(Record excerpts)

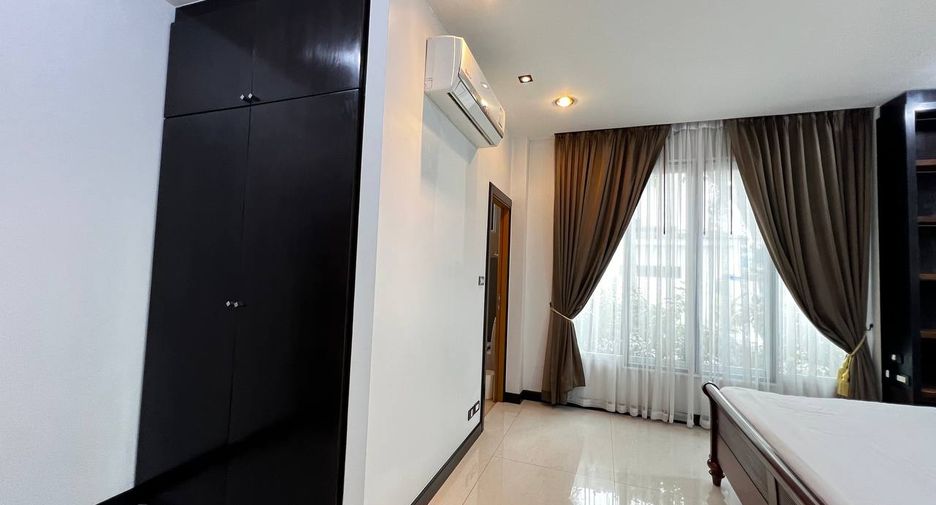 For rent 4 bedrooms villa in Bang Lamung, Chonburi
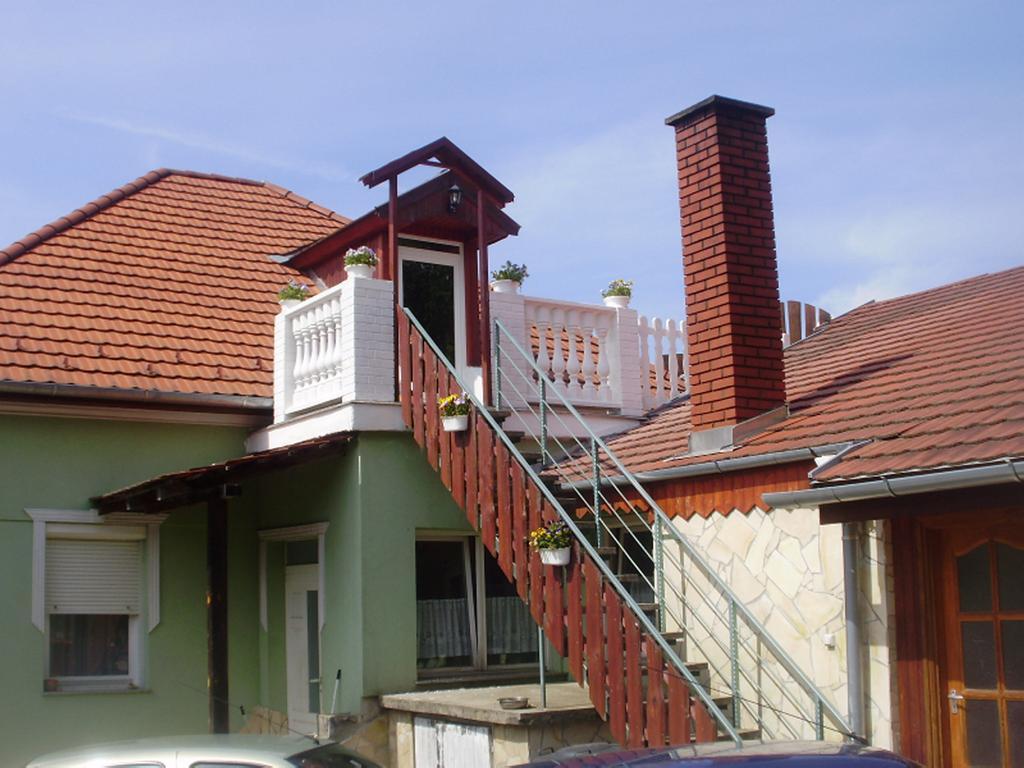 Hotel Tavi Vendeghaz St. Gotthard Exterior foto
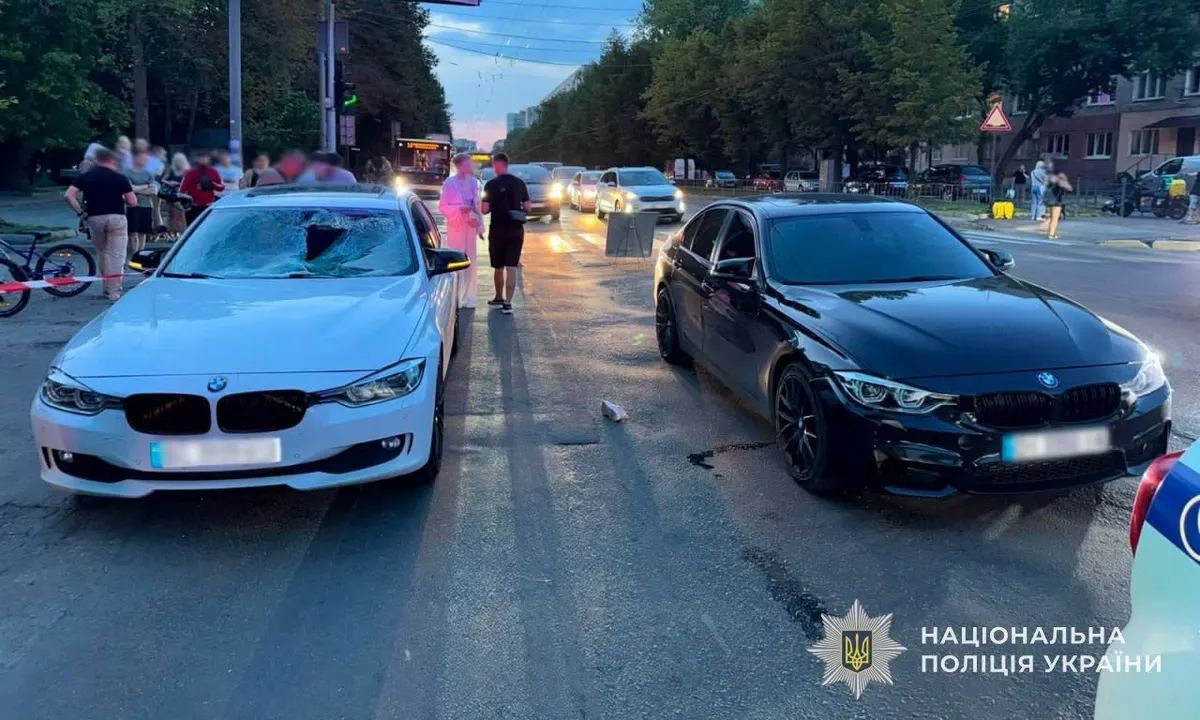 ДТП у Львові: два BMW збили батька з донькою на переході — подробиці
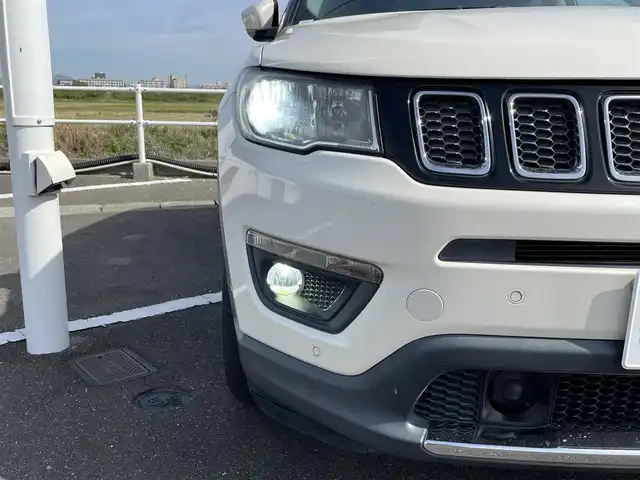 クライスラー・ジープ ジープ コンパス ロンジチュード 佐賀県 2019(平31)年 5.9万km 白 純正8.4インチナビ/Bluetooth/ワンセグ/USB/AM/FM/AUX/バックカメラ/クルーズコントロール/ETC/パーキングアシスト/自動防眩式ルームミラー/革巻きステアリング/ミラーヒーター/スマートキー/クリアランスソナー/純正フォグランプ/純正16インチアルミ/純正フロアマット/新車保証書/取扱説明書/衝突軽減システム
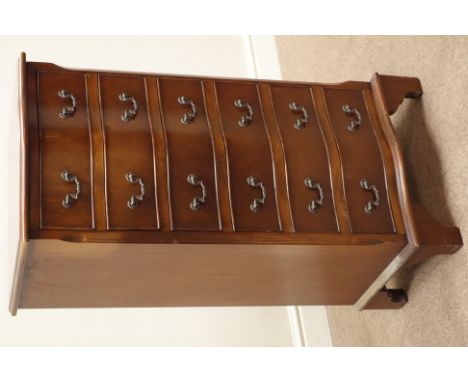 Reproduction mahogany serpentine six drawer chest, fluted canted corners, bracket feet, W49cm, H100cm, D40cm   Condition Repo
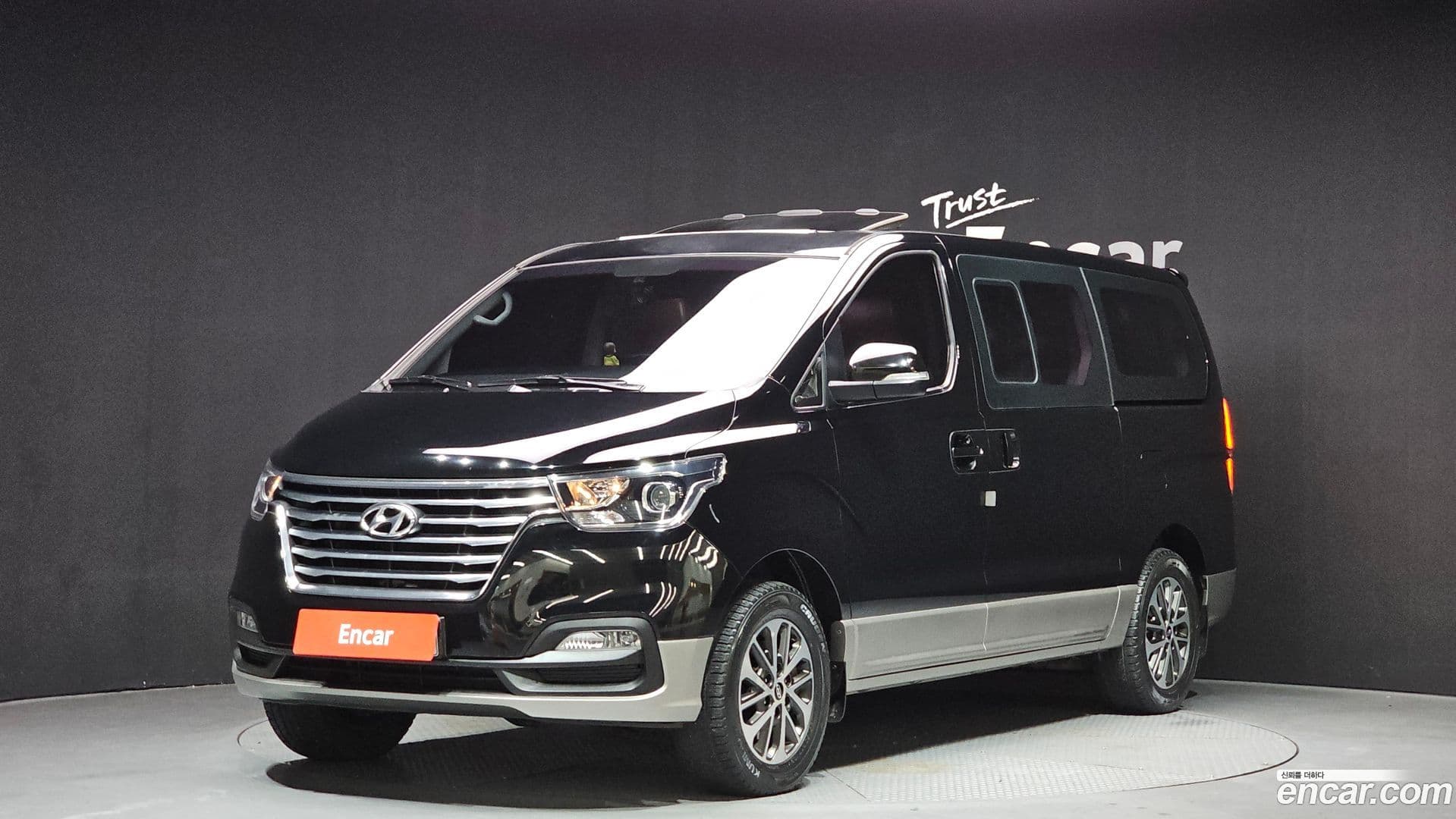 Main__Slider__Photo:Starex Hyundai 2019.3-0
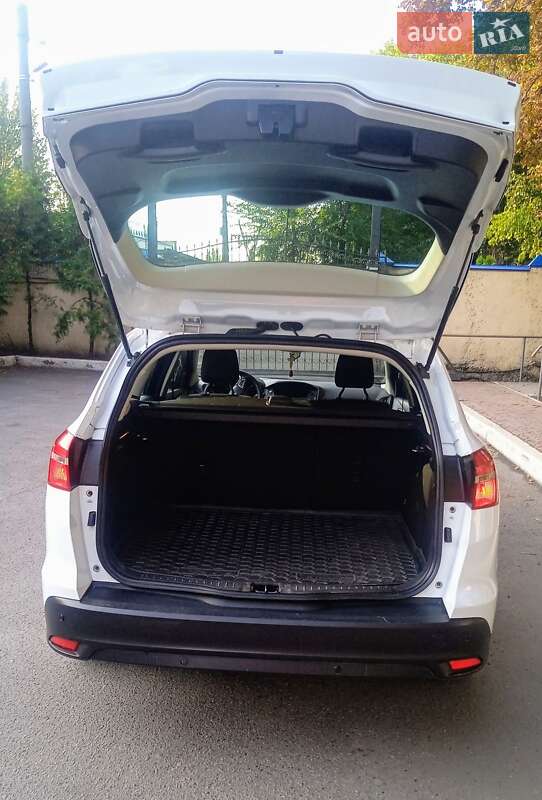 Седан Ford Focus 2017 в Запоріжжі фото 5 Седан Ford Focus 2017 в Запоріжжі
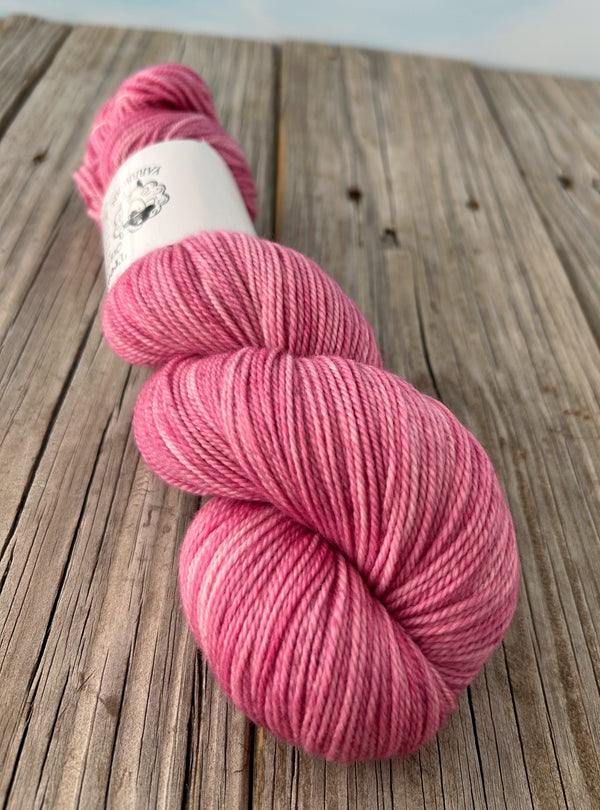 Sirena, Rose Pink, Organic Merino Sport Treasures Yarn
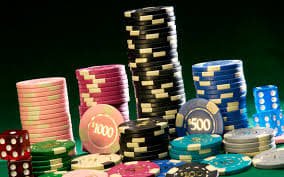 Filipino players enjoying Okada Casino on mobile devices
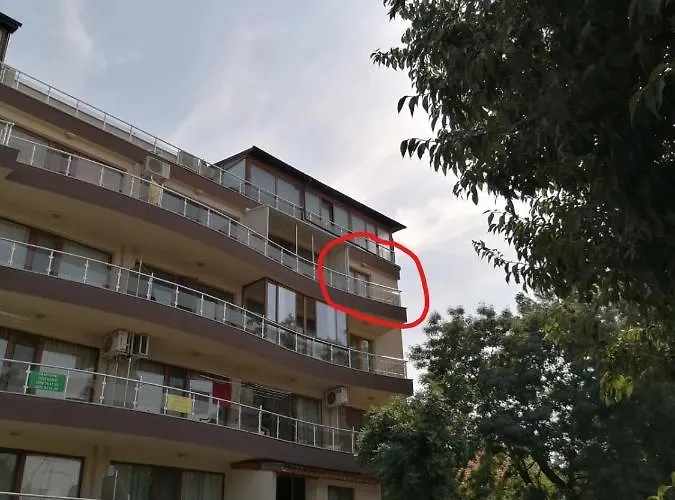 Appartamento - студио в кв сарафово с морски изглед Burgas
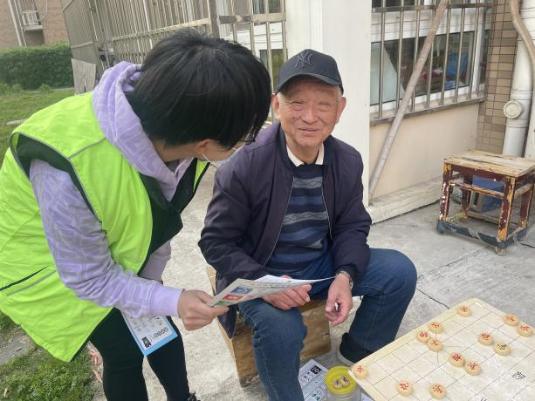 20210414为群众办实事志愿者活动报道_html_m308299e.jpg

(End Record excerpts)

Task prompt
Leaving the images out, retype all the material above exactly.

Exercise solution
 For rent 4 bedrooms villa in Bang Lamung, Chonburi
 Hotel Tavi Vendeghaz St. Gotthard Exterior foto
 ДТП у Львові: два BMW збили батька з донькою на переході — подробиці
 クライスラー・ジープ ジープ コンパス ロンジチュード 佐賀県 2019(平31)年 5.9万km 白 純正8.4インチナビ/Bluetooth/ワンセグ/USB/AM/FM/AUX/バックカメラ/クルーズコントロール/ETC/パーキングアシスト/自動防眩式ルームミラー/革巻きステアリング/ミラーヒーター/スマートキー/クリアランスソナー/純正フォグランプ/純正16インチアルミ/純正フロアマット/新車保証書/取扱説明書/衝突軽減システム
 Reproduction mahogany serpentine six drawer chest, fluted canted corners, bracket feet, W49cm, H100cm, D40cm   Condition Repo
 Main__Slider__Photo:Starex Hyundai 2019.3-0
 Седан Ford Focus 2017 в Запоріжжі фото 5 Седан Ford Focus 2017 в Запоріжжі
 Sirena, Rose Pink, Organic Merino Sport Treasures Yarn
 Filipino players enjoying Okada Casino on mobile devices
 Appartamento - студио в кв сарафово с морски изглед Burgas
 20210414为群众办实事志愿者活动报道_html_m308299e.jpg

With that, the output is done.